Em vez de ignorar a realidade, a candidata tenta enfrentá-la. “Reduzir os custos para as famílias americanas” é o centro de sua agenda econômica, uma mensagem que provavelmente ela irá transmitir novamente nesta quinta (22), durante seu discurso na Convenção Nacional Democrata.
Mas o fato de sua estratégia ser compreensível não a torna sensata. Suas propostas correm o risco de aprofundar ainda mais os EUA no caminho de políticas econômicas autodestrutivas.

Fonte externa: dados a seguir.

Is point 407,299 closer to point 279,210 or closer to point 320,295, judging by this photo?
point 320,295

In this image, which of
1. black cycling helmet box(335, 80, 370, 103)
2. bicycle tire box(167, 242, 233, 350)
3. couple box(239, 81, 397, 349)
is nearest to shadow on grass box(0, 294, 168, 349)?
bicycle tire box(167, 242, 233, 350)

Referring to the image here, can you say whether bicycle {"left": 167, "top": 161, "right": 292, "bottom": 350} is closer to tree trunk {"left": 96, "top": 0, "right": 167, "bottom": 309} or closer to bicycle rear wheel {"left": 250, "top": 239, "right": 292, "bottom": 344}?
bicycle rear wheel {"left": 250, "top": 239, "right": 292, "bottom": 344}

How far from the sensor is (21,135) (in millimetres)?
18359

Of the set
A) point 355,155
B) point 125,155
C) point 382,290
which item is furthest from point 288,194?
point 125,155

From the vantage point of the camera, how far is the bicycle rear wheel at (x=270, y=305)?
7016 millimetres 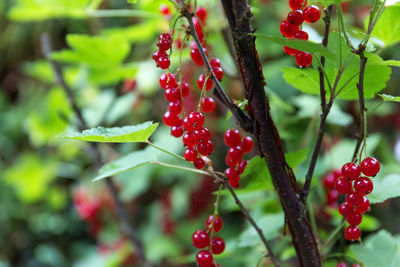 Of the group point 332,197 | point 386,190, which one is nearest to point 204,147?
point 386,190

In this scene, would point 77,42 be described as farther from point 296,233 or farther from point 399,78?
point 399,78

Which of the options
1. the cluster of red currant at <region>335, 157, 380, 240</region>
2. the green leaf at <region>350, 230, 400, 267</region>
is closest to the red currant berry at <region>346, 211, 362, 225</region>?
the cluster of red currant at <region>335, 157, 380, 240</region>

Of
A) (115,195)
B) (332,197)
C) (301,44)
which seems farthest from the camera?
(115,195)

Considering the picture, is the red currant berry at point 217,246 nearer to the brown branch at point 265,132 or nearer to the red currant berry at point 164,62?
the brown branch at point 265,132

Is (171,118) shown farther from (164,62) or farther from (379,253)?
(379,253)

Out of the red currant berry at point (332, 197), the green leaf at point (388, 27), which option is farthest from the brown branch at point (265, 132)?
the red currant berry at point (332, 197)

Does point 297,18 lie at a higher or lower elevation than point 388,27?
lower

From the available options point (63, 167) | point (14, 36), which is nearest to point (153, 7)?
point (63, 167) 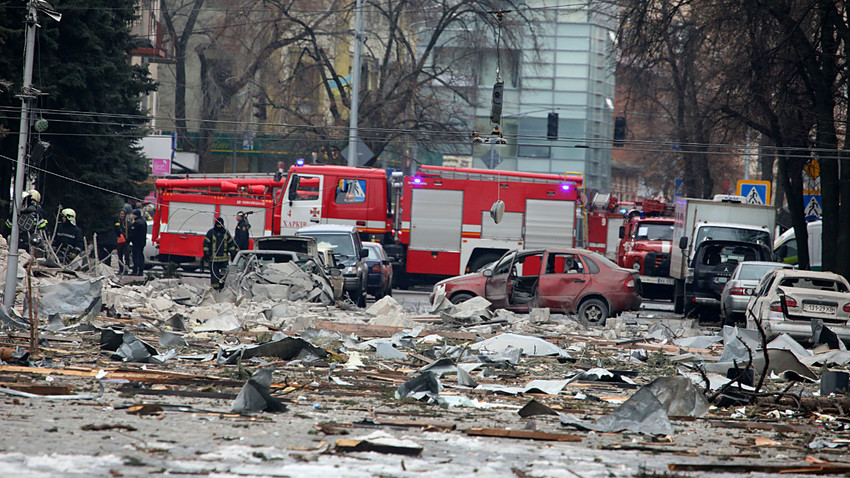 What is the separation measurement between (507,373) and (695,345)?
18.9 ft

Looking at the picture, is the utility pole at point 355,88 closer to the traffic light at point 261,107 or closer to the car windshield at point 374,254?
the traffic light at point 261,107

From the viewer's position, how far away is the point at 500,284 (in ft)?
67.7

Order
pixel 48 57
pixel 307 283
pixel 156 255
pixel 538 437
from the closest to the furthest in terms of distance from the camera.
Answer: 1. pixel 538 437
2. pixel 307 283
3. pixel 48 57
4. pixel 156 255

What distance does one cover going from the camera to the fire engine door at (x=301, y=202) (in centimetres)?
2995

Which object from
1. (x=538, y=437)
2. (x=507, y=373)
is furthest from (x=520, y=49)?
(x=538, y=437)

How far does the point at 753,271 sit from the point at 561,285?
4.34m

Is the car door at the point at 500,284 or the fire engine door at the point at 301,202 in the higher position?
the fire engine door at the point at 301,202

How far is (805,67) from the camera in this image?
2380 cm

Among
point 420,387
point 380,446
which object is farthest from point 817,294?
point 380,446

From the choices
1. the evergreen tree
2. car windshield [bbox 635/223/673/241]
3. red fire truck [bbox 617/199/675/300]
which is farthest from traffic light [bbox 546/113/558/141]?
the evergreen tree

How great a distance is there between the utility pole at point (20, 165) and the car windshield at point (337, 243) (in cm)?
825

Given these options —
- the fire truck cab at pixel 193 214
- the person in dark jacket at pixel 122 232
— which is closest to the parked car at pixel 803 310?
the fire truck cab at pixel 193 214

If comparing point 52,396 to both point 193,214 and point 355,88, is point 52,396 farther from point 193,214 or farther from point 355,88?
point 355,88

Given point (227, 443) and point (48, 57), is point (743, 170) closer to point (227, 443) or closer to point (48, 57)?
point (48, 57)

A culpa por essa trajetória certamente não é apenas de Kamala: muitos outros democratas e republicanos, começando por Donald Trump, já estavam seguindo nessa direção, embora com ênfases diferentes. No entanto, o plano de custo de vida dela pode marcar o início de uma nova fase na preocupante odisseia dos EUA. A candidata presidencial democrata mira em quatro categorias de custos: moradia, alimentos, saúde e impostos. Embora algumas de suas ideias sejam boas, muitas outras aumentariam os preços —o oposto do efeito pretendido.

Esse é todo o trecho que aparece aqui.